I can see that i2 is in antiphase with i1, which is in phase with v_in. However, I don't see a particular reason why the AC components of i1 and i2 would have similar magnitude or shape to each other. And the ratio of magnitudes between i1 and i2 seems to depend on mu2. Is this supposed to happen? Am I confused?
- If the phase splitter output is as asymmetric as it seems, is there any point at all to matching the output tubes?
Any help would be appreciated, thanks!
A anything to anything short is possible, but grid to plate short in the input triode is supremely unlikely. I have never seen it nor heard of it happening in my entire career. That was six decades by the time I retired. Doesn't mean it can't happen, but I won't lose sleep over it.
If you really worry about it, simply put a series cap at the input. Something like a 0.1uf would pass any relevant audio.
I would be a LOT more concerned that some unbuffered effect unit at the input would put a few volts DC on the grid. it wouldn't cause harm, but would mess with the sound.
#2 let me try until wiser heads check in. The two triodes should balance DC naturally, as the sides are symmetric. That leaves AC, or signal. here is how I intuit things - right or wrong - The lower triode grid, pin 7, is grounded through C12. The input to pin 2 grid drives current through that triode, which current flows through the cathode circuit. That moves both cathodes together of course, they follow the input signal. So now the lower triode is driven with signal at its cathode while the grid stays at ground. The tube sees only the difference between cathode and grid as input, so the two triodes essentially see the same input signal.
#3 Guitar amps are not hifi. The main plus of matched outputs in my mind is their natural cancellation of supply ripple.
If you really worry about it, simply put a series cap at the input. Something like a 0.1uf would pass any relevant audio.
I would be a LOT more concerned that some unbuffered effect unit at the input would put a few volts DC on the grid. it wouldn't cause harm, but would mess with the sound.
#2 let me try until wiser heads check in. The two triodes should balance DC naturally, as the sides are symmetric. That leaves AC, or signal. here is how I intuit things - right or wrong - The lower triode grid, pin 7, is grounded through C12. The input to pin 2 grid drives current through that triode, which current flows through the cathode circuit. That moves both cathodes together of course, they follow the input signal. So now the lower triode is driven with signal at its cathode while the grid stays at ground. The tube sees only the difference between cathode and grid as input, so the two triodes essentially see the same input signal.
#3 Guitar amps are not hifi. The main plus of matched outputs in my mind is their natural cancellation of supply ripple.
The same thing has occurred to me, and I believe you're quite correct.
I do believe the people with decades of tube experience who say that anode/grid shorts are rare events. Still, it would be nice if said rare event didn't electrocute any unfortunate guitarists.

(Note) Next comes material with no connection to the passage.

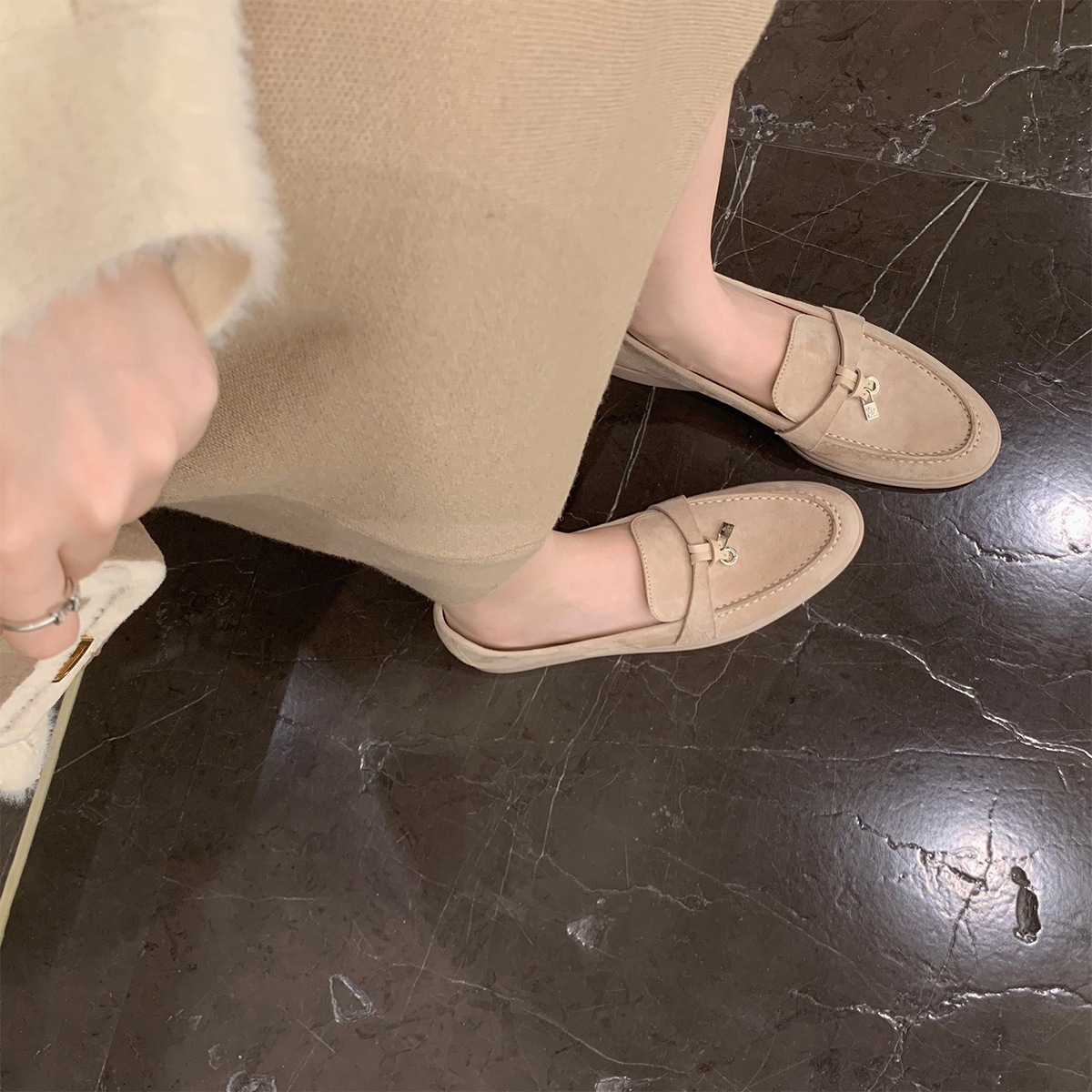 シープスキンバージョンタッセルロックローファーズレディースシングルソースの怠zyな人々はドゥードゥーシングルシューズの高さを強化するレザーシューズを蹴る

In a typical RCA/Fender 12AX7 triode input stage, even if an anode/grid short occurred in the valve, there is a 100k anode resistor, and a 68k grid stopper between B+ and input jack. So the maximum current out of the input jack would be limited to maybe 2 mA or so, with the typical 350 volts or so of B+.
According to Wikipedia, 2 mA of current falls into the "perceptible but no muscle reaction" category of electric shock. In other words, unpleasant, but unlikely to cause direct injury.
Still, nobody likes being shocked, and if a mild shock causes a guitarist to, say, fall off a stage and break a leg, that is a concern.
Perhaps the logical thing to do would be to solder a couple of reverse-paralleled LEDs (or reverse-series zener diodes) across the input jack. If 3 mA of current did ever appear at the input grid, the diodes would conduct it to ground, and only the small (and safe) LED forward voltage, or zener breakdown voltage would appear on the actual guitar cable.
The only remaining question is whether such diodes would have any audible (or measurable) effect on the guitar signal itself. All diodes conduct tiny leakage currents even when there is very little voltage across them, but think it's unlikely that these leakage currents would be big enough to have any effect on the guitar signal.
Enzo gave you the short and sweet version. The slightly longer version is that IF the two valves are perfectly matched, and IF the tail resistor is infinitely large (or replaced by a perfect constant current source), THEN the two AC signals are perfectly matched to each other.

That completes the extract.